La concurrence déloyale par dénigrement est constituée lorsque des informations trompeuses sont de nature à jeter publiquement le discrédit sur un produit. Elle est également caractérisée lorsqu’elle porte sur un sujet d’intérêt général et repose sur une base factuelle insuffisante ou qu’elle est exprimée sans mesure.

Dans un cas comme de l’autre, elle doit influencer le comportement économique des consommateurs et ne nécessite plus, pour être retenue, d’être invoquée par un concurrent mais par un acteur économique.

Illustration, avec une récente condamnation de propos tenus sur le blog Yuka, édité par la société française éponyme.

 

En France, ce sont près de 6 millions de personnes qui scannent régulièrement le code-barre d’un produit cosmétique ou alimentaire avec leur smartphone pour en connaître sa notation. La note et l’appréciation dévolues audit bien sur l’application Yuka vont alors influencer l’acte d’achat de ces utilisateurs.

L’application a trois ans. Pourtant sa rigueur scientifique est critiquée. Par exemple, le fait que les quantités de sel, de sucre et de graisse, la présence éventuelle d’additifs et le caractère bio du produit alimentaire soient les seuls critères d’évaluation de l’aliment est contesté par bon nombre d’études indépendantes ou organismes habilités à mener de telles mesures.

Sur cette application, Yuka édite un blog, qui compte 1,5 million de visiteurs uniques par mois.

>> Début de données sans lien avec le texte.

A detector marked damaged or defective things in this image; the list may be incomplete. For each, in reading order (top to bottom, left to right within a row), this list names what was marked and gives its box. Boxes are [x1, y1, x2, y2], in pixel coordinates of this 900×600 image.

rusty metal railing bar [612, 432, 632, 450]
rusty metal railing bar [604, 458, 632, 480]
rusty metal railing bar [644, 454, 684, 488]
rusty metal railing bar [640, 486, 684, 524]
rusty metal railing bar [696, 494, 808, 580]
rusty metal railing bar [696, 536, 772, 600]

Or, un article de celui-ci, au titre « Halte aux emballages toxiques » et au sous-titre « Conserves et aluminium : à éviter au maximum » pointe les risques d’une consommation d’aluminium sur la santé humaine, lors de l’ingestion d’aliments vendus en boîtes de conserve.

La Fédération française des industries des aliments conservés s’est émue de ces propos auprès du Tribunal de commerce de Versailles.

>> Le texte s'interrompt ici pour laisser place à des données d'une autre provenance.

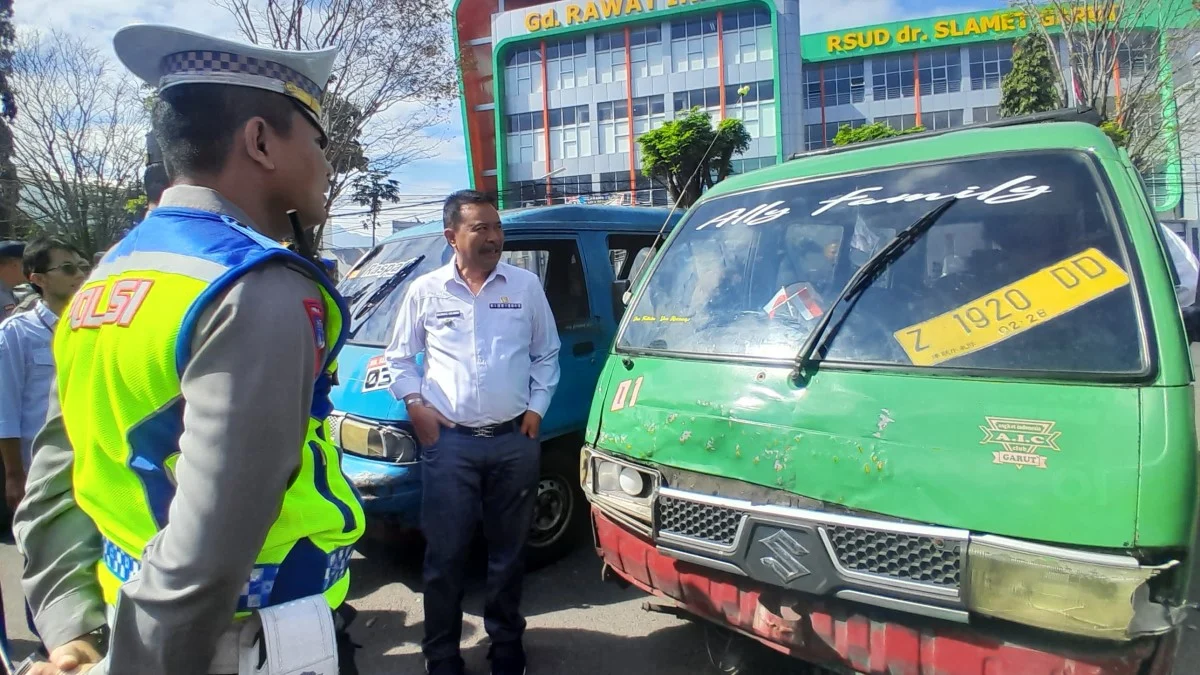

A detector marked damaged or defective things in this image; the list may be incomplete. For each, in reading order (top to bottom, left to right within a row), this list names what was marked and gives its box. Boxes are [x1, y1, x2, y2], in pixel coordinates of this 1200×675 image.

dented bumper [592, 509, 1180, 672]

Après avoir relevé que 80% des aliments en conserve est produit dans des boîtes en fer blanc et que les 20% comprenant de l’aluminium comporte un revêtement protecteur, la juridiction consulaire a condamné Yuka au titre du dénigrement et a ordonné, en référé, de mettre un terme au trouble manifestement illicite en supprimant les assertions à ce sujet, et ce, dans un délai de 5 jours après le prononcé de l’ordonnance et sous astreinte, passé ce délai, de 500 euros par jour de retard et par infraction constatée (T. com. Versailles, ord. réf., 5 mars 2020).

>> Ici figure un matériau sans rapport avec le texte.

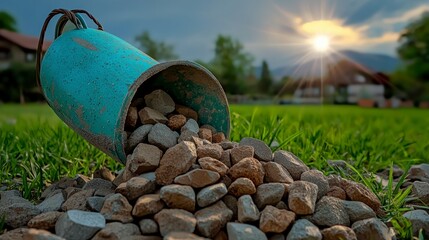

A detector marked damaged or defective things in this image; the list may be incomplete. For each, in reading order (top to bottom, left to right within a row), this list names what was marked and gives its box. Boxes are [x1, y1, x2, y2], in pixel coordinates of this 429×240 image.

rusty metal bucket [36, 8, 231, 163]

En droit, si une information se rapporte à un sujet d’intérêt général et non pas à un produit spécifique, pour échapper au grief de dénigrement, elle doit :

  • reposer sur une base factuelle suffisante,
  • et être exprimée avec une certaine mesure.

En l’espèce, cette base était insuffisante. L’auteur s’était fondé sur un seul article d’un nutritionniste, traitant d’ustensiles de cuisine en aluminium, qui avait été extrapolé et dénaturé. Au surplus, le ton était exagérément alarmant et affirmatif. Enfin, Yuka, elle-même, s’enorgueillissait du fort impact de ses données sur le comportement économique des consommateurs.

Les critères du dénigrement sont remplis. Yuka n’a pas exercé un droit d’alerte en matière de santé publique. Elle n’a pas diffusé, de bonne foi, une information permettant d’éviter un risque grave.

Notons que bien que l’article litigieux était en ligne depuis plus de trois mois lors de l’assignation, la Juridiction a considéré l’urgence établie, en ce que plus le temps passe et plus le nombre de personnes ayant lu l’écrit augmente.

Conseil pratique :

Concrètement, les intérêts commerciaux des entreprises sont la règle, et la liberté d’information, l’exception. La critique est encadrée, en ce compris lorsqu’elle se trouve sur un blog ou une publication d’un réseau social. Le dénigrement peut être retenu à propos d’informations mensongères, mais également d’informations approximatives ou invérifiables.